Wow...gush. Oh well, seeing the photos has made my mind up to get it. Just going to have to make room somewhere to display it.

Thanks for both the photos and the scale/size. It looks like it's the same kind of plastic as Kothoga etc. Pegasus do seem to be able to get a great amount of detail in their castings.


----------



## dengqw (Apr 12, 2012)

I wanted a Vermithrax years







ago when Dragonslayer came out.


----------



## rkoenn (Dec 18, 2007)

Is the base vacuum formed thin plastic? The dragon and the other parts look to be the quasi vinyl material Pegasus uses on many of their models. The base for the WWWC space ark was vacuum formed and was just fine although definitely different. Pegasus used vinyl styrene on the Martians from WOW as well. The Pegasus kits I have built have been quite good but they do not use the styrene plastic that most other manufacturers use. This kit looks great and is one of only a very few mass produced dragon kits out there, that is if you include the Godzilla types as well.


----------



## jaws62666 (Mar 25, 2009)

rkoenn said:


> Is the base vacuum formed thin plastic? The dragon and the other parts look to be the quasi vinyl material Pegasus uses on many of their models. The base for the WWWC space ark was vacuum formed and was just fine although definitely different. Pegasus used vinyl styrene on the Martians from WOW as well. The Pegasus kits I have built have been quite good but they do not use the styrene plastic that most other manufacturers use. This kit looks great and is one of only a very few mass produced dragon kits out there, that is if you include the Godzilla types as well.

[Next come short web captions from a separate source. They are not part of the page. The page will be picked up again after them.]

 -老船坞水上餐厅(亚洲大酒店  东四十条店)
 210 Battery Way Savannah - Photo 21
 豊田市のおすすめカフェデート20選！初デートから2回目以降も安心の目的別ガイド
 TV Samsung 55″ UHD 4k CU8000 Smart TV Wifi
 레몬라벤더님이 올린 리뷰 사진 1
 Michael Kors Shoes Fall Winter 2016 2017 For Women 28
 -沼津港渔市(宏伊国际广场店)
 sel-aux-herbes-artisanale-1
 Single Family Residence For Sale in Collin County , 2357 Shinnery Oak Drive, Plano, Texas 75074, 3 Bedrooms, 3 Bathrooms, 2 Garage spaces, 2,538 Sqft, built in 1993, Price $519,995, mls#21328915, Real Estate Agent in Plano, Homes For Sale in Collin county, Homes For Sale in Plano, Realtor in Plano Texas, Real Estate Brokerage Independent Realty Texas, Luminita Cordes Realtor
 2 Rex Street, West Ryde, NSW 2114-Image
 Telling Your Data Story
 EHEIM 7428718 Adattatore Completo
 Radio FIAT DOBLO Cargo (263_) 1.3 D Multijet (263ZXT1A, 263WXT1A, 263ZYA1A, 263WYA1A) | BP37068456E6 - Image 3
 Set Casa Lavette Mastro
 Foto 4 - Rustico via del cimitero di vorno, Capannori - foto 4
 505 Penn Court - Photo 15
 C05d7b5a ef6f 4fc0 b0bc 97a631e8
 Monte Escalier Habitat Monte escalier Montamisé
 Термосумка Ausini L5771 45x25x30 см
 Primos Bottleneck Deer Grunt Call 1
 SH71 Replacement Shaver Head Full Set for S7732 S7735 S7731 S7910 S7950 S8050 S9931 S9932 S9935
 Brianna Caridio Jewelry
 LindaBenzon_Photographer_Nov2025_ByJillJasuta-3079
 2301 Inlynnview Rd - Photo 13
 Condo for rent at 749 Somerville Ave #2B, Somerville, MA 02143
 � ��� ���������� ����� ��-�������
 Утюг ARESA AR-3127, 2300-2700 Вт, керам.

I dont think ity is vacuum formed. it seems like thin plastic


----------



## veedubb67 (Jul 11, 2003)

Thanks for the photos. Lots of texture on the dragon. How are the seam lines? Are they hidden? Thinking about all the seam filling and texture replication that may be required.

Rob
Iwata Padawan


----------



## jaws62666 (Mar 25, 2009)

veedubb67 said:


> Thanks for the photos. Lots of texture on the dragon. How are the seam lines? Are they hidden? Thinking about all the seam filling and texture replication that may be required.
> 
> Rob
> Iwata Padawan


The wings are each 2 pieces, there seems to be a little gap in there, but I just have the pieces pressed together. Might go away once glued. I dont think there should be too much filling to do


----------



## SUNGOD (Jan 20, 2006)

Looks like a nice sculpt but I wish Pegasus would give us some real styrene kits instead of that vinyl nonsense. 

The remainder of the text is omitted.